House passes bill loosening PPACA for expats
By Allison Bell
Backers of H.R. 4414 — a bill that exempts expatriate health care plans from some PPACA requirements — got the bill through the House Tuesday with a 268-150 vote.
The Obama administration has come out against H.R. 4414, saying it would create loopholes in the tax code, but supporters persuaded 60 Democrats to vote for the bill.
Another 133 Democrats opposed the bill.
Republicans voted 208-17 in favor of passage.
The bill would classify the coverage from an "expatriate health plan" as "minimum essential coverage" -- meaning that the individuals with the coverage could use the coverage to avoid paying the Patient Protection and Affordable Care Act penalty to be imposed on many individuals who fail to have what PPACA define as MEC.
The bill would apply to an expatriate health plan set up in such a way that substantially all of the people covered work outside the United States.

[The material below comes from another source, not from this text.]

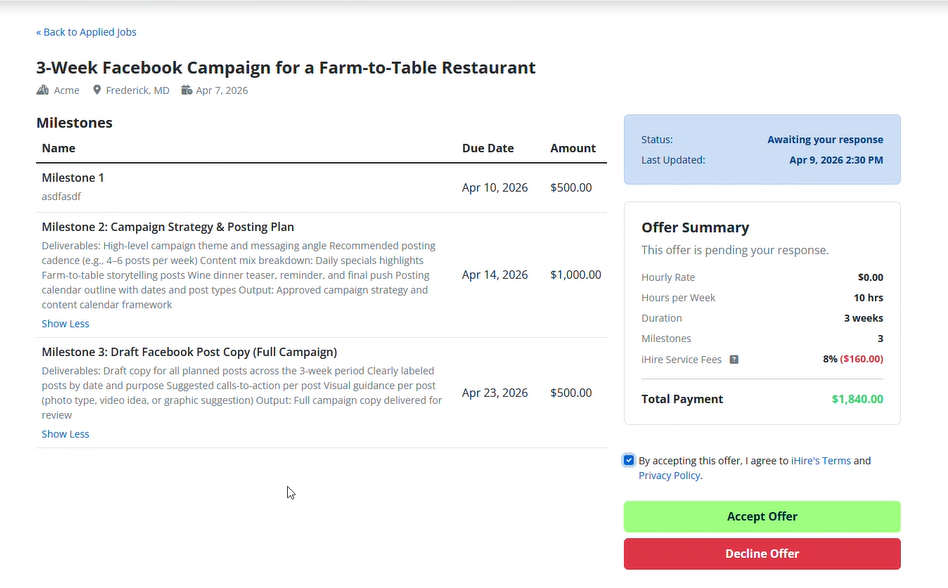 screenshot of ihire's freelance marketplace job seeker experience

To count as MEC, the plan would have to provide services other than emergency services or "excepted benefits," such as dental benefits and vision benefits. The sponsor of a group expatriate health plan would have to "reasonably believe" that the benefits provided were actuarially similar to, or better than, the benefits provided by the sponsor's domestic plan.
An amendment would require that a sponsor believe an expat MEC plan to offer coverage that meets federal "minimum value" standards.
If the expat MEC plan offered access to coverage for dependent children, it would have to offer access to dependent coverage for adult children up to age 26.